How Spiraling Light Is Made
LCLS generates extremely short, bright pulses of X-ray laser light by sending an electron beam through what’s called an undulator. The undulator contains pairs of magnets that force the electrons to wiggle. This motion gives off energy in the form of X-rays, which interact with the electron beam to form laser pulses that can be used for experiments.
Before the addition of the Delta, the light delivered to experimental stations was always linearly polarized. Polarization refers to the way a light wave vibrates as it travels forward, and linearly polarized light is restricted to one direction. But circularly polarized light vibrates in two directions, producing a pattern like a corkscrew.
With the Delta, four rows of strong magnets shift to polarize X-rays in a linear, elliptical, or circular fashion.
Left: Electrons wiggle between two rows of magnets in a traditional undulator, creating X-rays. These X-rays, or light waves, are linearly polarized. Right: With four moving rows of magnets, the Delta undulator can create circularly polarized, or spiraling, light. (SLAC National Accelerator Laboratory)

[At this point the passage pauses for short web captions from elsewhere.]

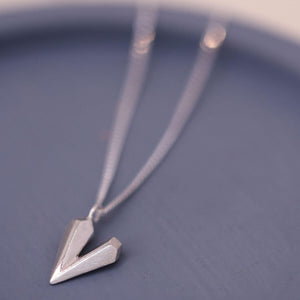Heart shaped necklace photographed on a blue dish showing the faceted silver heart charm and delicate diamond cut curb chain
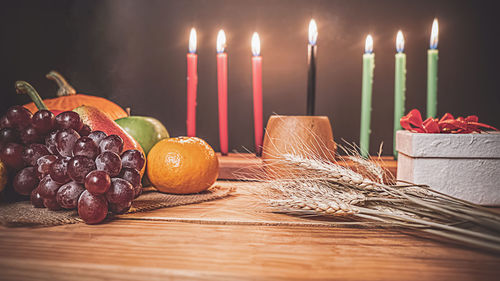 Close-up of candles on table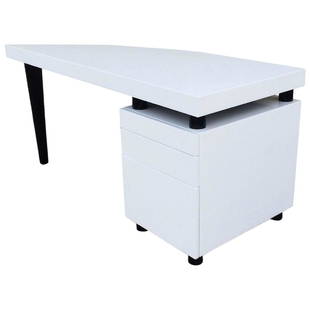 Italian Desk in Black & White Lacquer: Architectural three-drawer desk in white and black lacquer. Cylindrical legs, sail shaped desktop and cube with three drawers. Bottom drawer is set up to hold file folders. Original Retail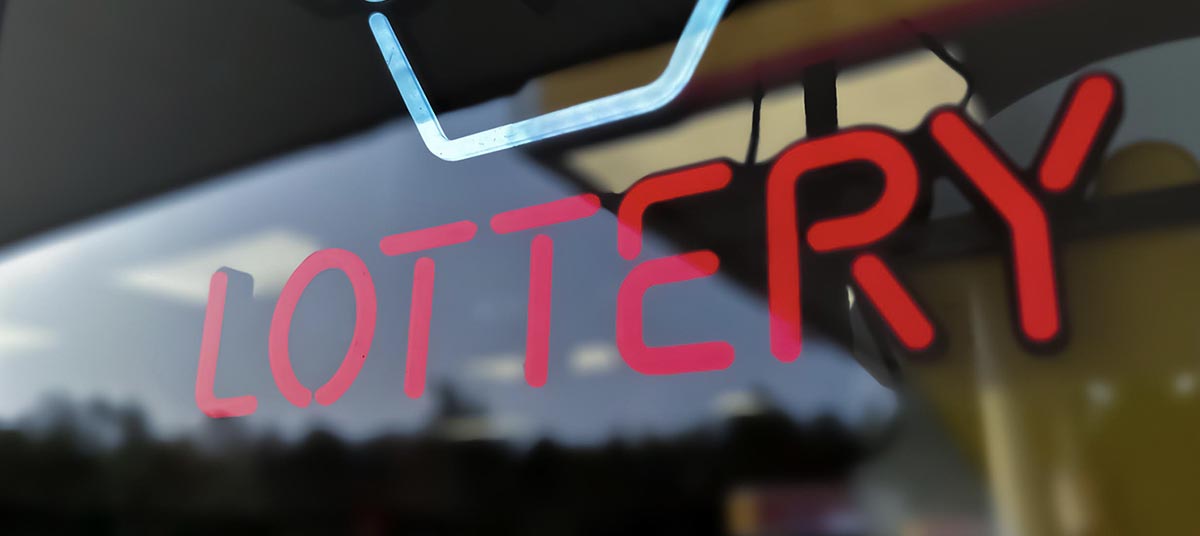 Red lottery sign reflection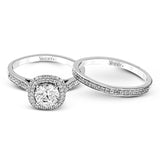 Showcasing a dazzling halo, this contemporary white gold wedding set is highlighted by .45 ctw of arresting round cut white diamonds.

Scientists can use the spiraling light to reveal the orientation of molecules in certain materials, and even provide subatomic details as fine as electron distribution and spin.
Over the past few decades, the ability to control the polarization of light has led to many breakthroughs using optical lasers. Researchers in Italy recently extended this ability into the extreme ultraviolet regime, using the FERMI Free Electron Laser. The beam at LCLS now opens doors to experiments using X-rays, which are able to probe matter in wholly new ways.
Studies With Spiraling Light
There are several types of experiments made possible by circularly polarized light. People who study magnetic storage for computing, for example, use spiraling light to watch magnetization changes to develop new methods and materials for faster and more compact storage devices.
Now, with the power of the world’s strongest X-ray laser, the spiraling light can be delivered in extremely short and intense pulses over a wide range of energies.
“We can now study the dynamics of ultrafast magnetization in a more substantive and specific way than was previously possible,” said Daniel Higley, an applied physics graduate student at Stanford. Higley is part of the Stanford Institute for Materials and Energy Sciences (SIMES), a joint institute between Stanford and SLAC.
“One of the key things about using X-rays is that they’re quite specific, tuned to distinct energies. So we can study, in this case, what the magnetization dynamics are for individual chemical elements,” Higley said. “And the short pulses produced by an X-ray laser allow you to take a snapshot of things that happen very fast.”
The researchers can also gather the needed data quickly. The spiraling light produced by the Delta is nearly 100 percent polarized and orders of magnitude brighter than light produced by any other type of X-ray source with such short pulses. This enables measurement of ultrafast magnetism with unprecedented accuracy and speed. The team described such measurements in a recent Review of Scientific Instruments paper.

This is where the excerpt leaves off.